*Entries shown*
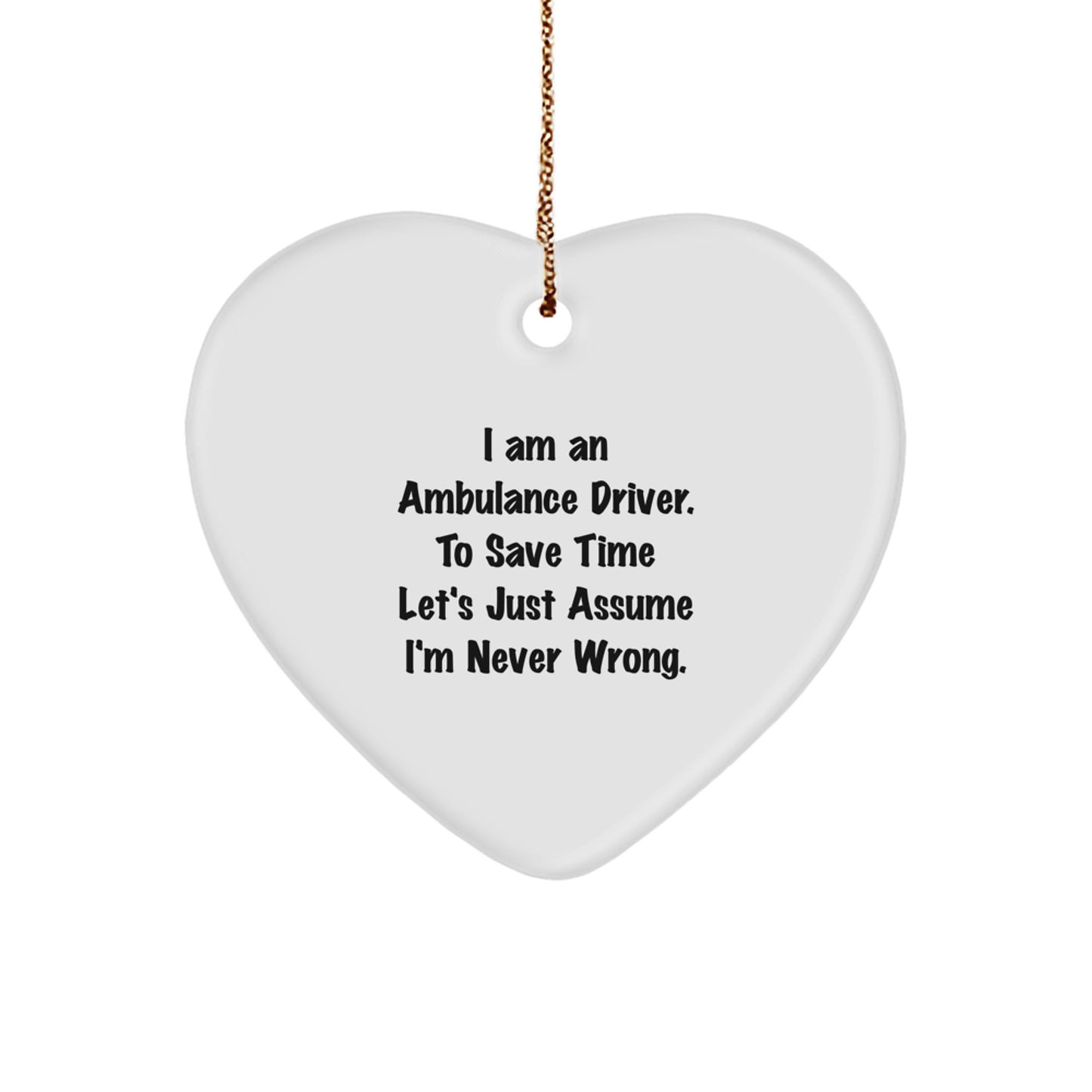 Funny Ambulance Driver Gifts from Men, Ambulance Driver Heart Ornament for Ambulance Driver, Christmas Unique Gifts - Image 1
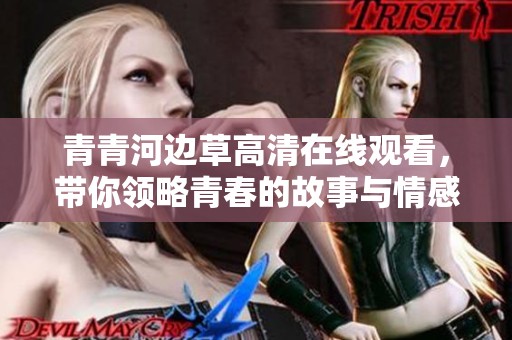 青青河边草高清在线观看，带你领略青春的故事与情感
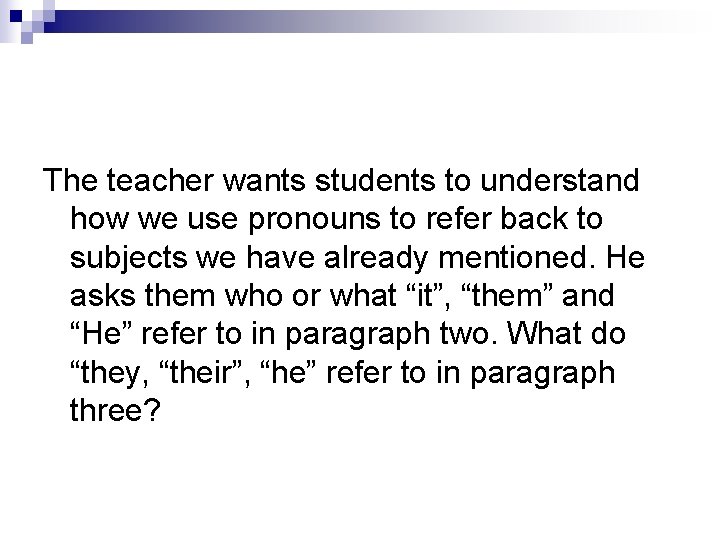 The teacher wants students to understand how we use pronouns to refer back to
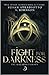 Fight for Darkness by Susan Stradiotto
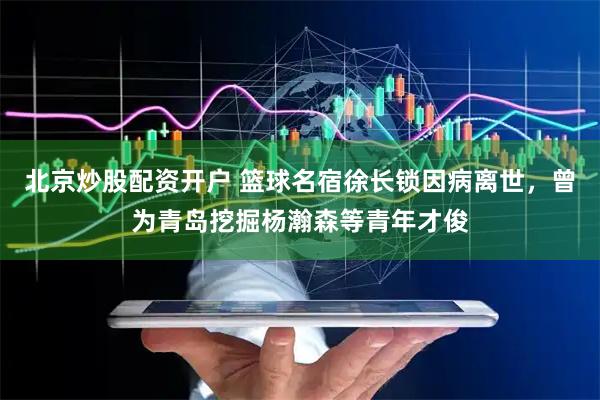北京炒股配资开户 篮球名宿徐长锁因病离世，曾为青岛挖掘杨瀚森等青年才俊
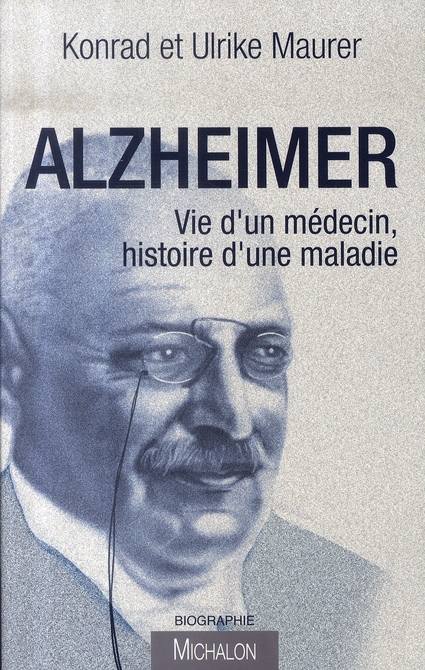 Alzheimer. Vie d'un médecin, histoire d'une maladie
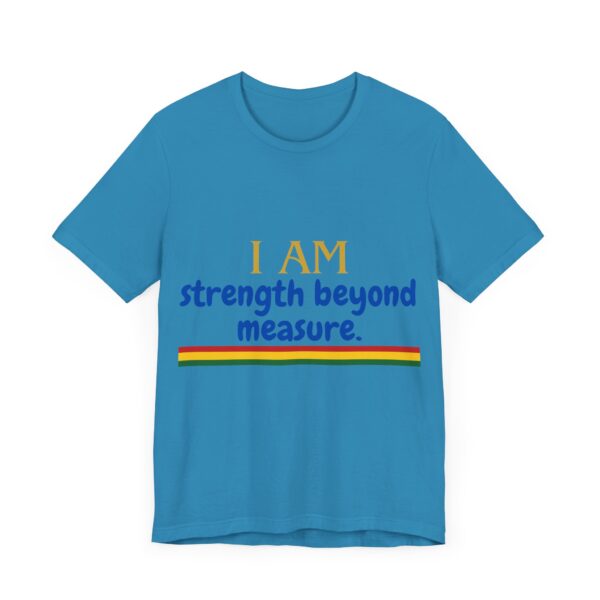 I AM strength beyond measure (Black History Month Collection) - Aksan Fos T-Shirt - Image 31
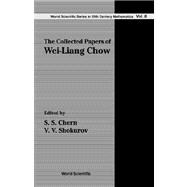 The Collected Papers of Wei-Liang Chow
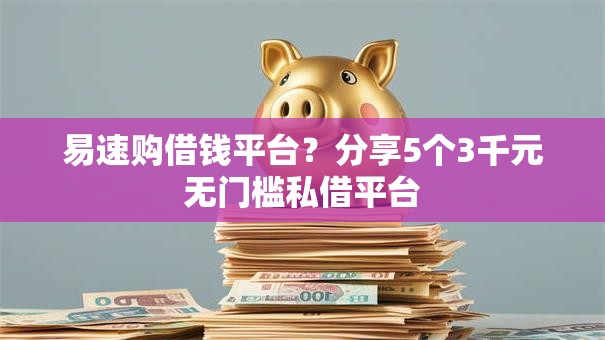 易速购借钱平台？分享5个3千元无门槛私借平台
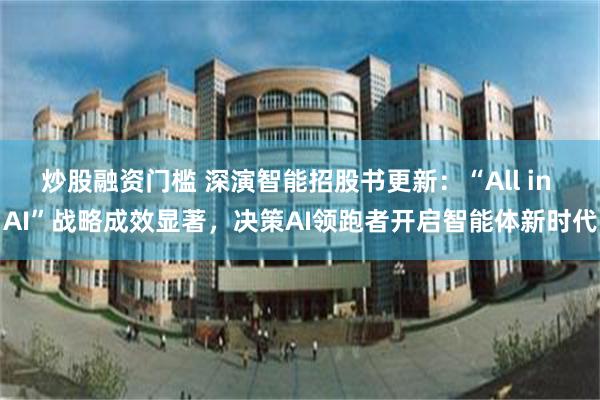 炒股融资门槛 深演智能招股书更新：“All in AI”战略成效显著，决策AI领跑者开启智能体新时代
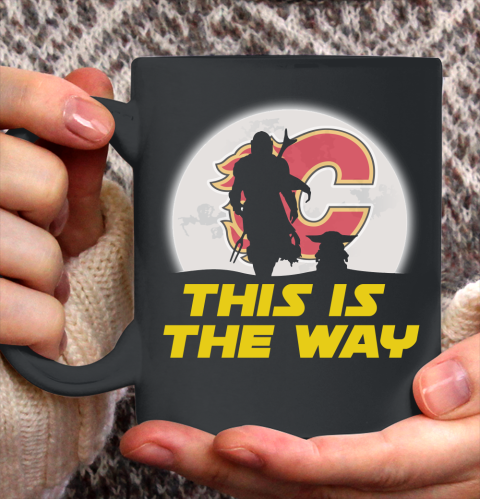 Calgary Flames NHL Ice Hockey Star Wars Yoda And Mandalorian This Is The Way Ceramic Mug 11oz 2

*What you are asked to do*
The first line of the entries, the line containing "Fight for Darkness by Susan Stradiotto", and every line between them are to be output exactly; pictures are not.

*Problem solution*
 Funny Ambulance Driver Gifts from Men, Ambulance Driver Heart Ornament for Ambulance Driver, Christmas Unique Gifts - Image 1
 青青河边草高清在线观看，带你领略青春的故事与情感
 The teacher wants students to understand how we use pronouns to refer back to
 Fight for Darkness by Susan Stradiotto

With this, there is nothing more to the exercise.